Given the nature of the piece, its comparatively short length, the fact that it was the UK premiere, and the extraordinary amount of work that must have gone into its preparation, I would have liked a programme built around a repeat performance, balanced, perhaps, by something a little less challenging for audience and performances. But, instead of that, the interval was followed by the 45-minute Become Ocean by John Luther Adams, composed in 2014 and reflecting a similar story of devastation and destruction, but this time of our own seas. Inspired by a quotation from John Cage: “Life on this earth first emerged from the sea. As the polar ice melts and sea level rises, we humans find ourselves facing the prospect that once again we may quite literally become ocean” Become Ocean was described by Alex Ross of The New Yorker “the loveliest apocalypse in musical history”.

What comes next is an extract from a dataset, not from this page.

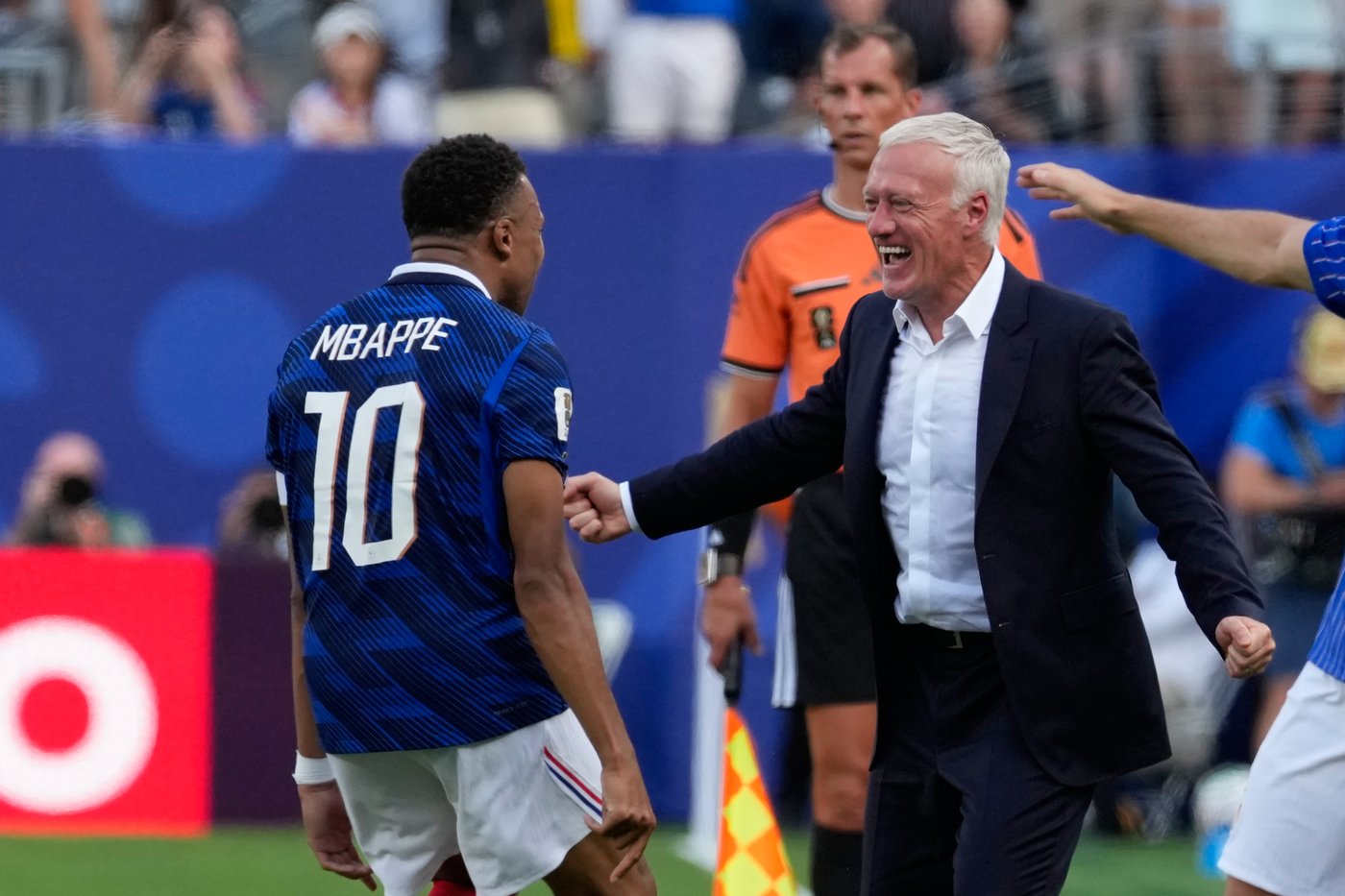 Mbappé scores twice to tie Messi for World Cup lead with 6 goals, France beats Sweden 3-0 | iNFOnews.ca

The orchestra is divided into 3 separated groups: woodwind, brass, and piano and strings, all three with their own percussion group. Each group plays its own slow sequence of complex sounds, rising at intervals to crescendos that only coincide with the other two groups on three occasions. The spacing of the groups across a wide stage gives a three-dimensional effect. There are key parts for the piano and two marimba/vibraphone players of who play throughout. The structural complexity is such that Alex Ross prepared a visual aid to explain how the various groups interweaved. it is in the form of a palindrome, from the central climax the music is played in reverse. John Luther Adams original wanted coloured lighting to represent each of the three orchestral groups, but this only lasted for the first two performances.
Perhaps it was that short-lived scheme that led to the most curious aspect of this performance, the addition of “visuals that are automatically generated using an artificial intelligence algorithm in response to live music with aesthetics inspired by nature”. Bizarrely, this involved hiding the entire orchestra behind a screen with very limited visibility, a real shame, particularly given the complexity of both pieces and the interesting range of instruments used. Projections onto the screen covered the entire area, making the already obscured orchestra even less visible. I don’t have a problem with adding visuals to classical music, but I really didn’t see the need for this addition to an already complex concert. But if they had to project images, I don’t see why they couldn’t have projected them above the orchestra, leaving the players entirely visible to the audience. For those who had come to hear rarely performed music, this distracted from the experience. The visuals were provided by Universal Assembly Unit art direction, Artrendex Artificial intelligence.